Gender pay gap
A new law directing firms to publish what they pay male and female staff comes into force this week in Germany iStock

A new law directing firms to publish what they pay male and female staff comes into force this week in Germany, in a bid to tackle the country's sizeable gender pay gap.

Workers will have the right to ask their employers what colleagues in similar jobs are paid from Saturday (6 January), when the Wage Transparency Act is enacted.

The law applies to firms with more than 200 employees, while companies who employ more than 500 staff will also have to publish regular salary data to show they are complying with equal pay rules.

The move is a bid to get to grips with Germany's gender pay gap which was 22 per cent in 2015, the third highest across the European Union (EU), according to Eurostat. The EU average across its 28 nations was 16.3% in 2015, which is the most recent data available.

When these statistics were published last October the EU said its overall gender pay gap is the equivalent of working women not being paid after early November, and working for the rest of the year for nothing.

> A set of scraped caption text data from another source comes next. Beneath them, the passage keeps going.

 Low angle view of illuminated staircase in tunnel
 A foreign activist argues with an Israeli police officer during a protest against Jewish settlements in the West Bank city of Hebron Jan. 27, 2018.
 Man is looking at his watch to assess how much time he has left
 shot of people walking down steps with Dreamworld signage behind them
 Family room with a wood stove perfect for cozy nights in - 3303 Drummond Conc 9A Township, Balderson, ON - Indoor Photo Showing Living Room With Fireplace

EU commissioner for justice, consumers, and gender equality Vera Jourova said: "It is an unacceptable and shocking injustice that women in 21st century Europe work two months a year for free. This gender pay gap has remained the same for many years."

The new German legislation has been making its way through the Bundestag (German's parliament) since last July.

Workplace envy

Former German minister of women's affairs Manuela Schwesig said earlier that such salary transparency would be "a real breakthrough" that would help millions of women narrow the pay gap.

Germany's Federal Statistical Office claimed two key reasons for the uneven pay between the sexes were that women did more part-time work, and were handed fewer management roles.

But critics of the incoming law argue that it will create more red tape and will lead to acrimony in the workplace.

Christian von Stetten, a lawmaker from Angela Merkel's centre-right Christian Democratic Union (CDU) party, said last year that some 4,000 companies would be burdened with additional bureaucracy as a result of the legislation.

"The right to demand salary information will foster workplace envy and discontent," he told German newspaper Die Welt.

Across the EU Italy and Luxembourg have the lowest gender pay gaps, with a disparity of 5.5% in 2015, while the UK has a 20.8% pay gap, the fifth highest in the European grouping.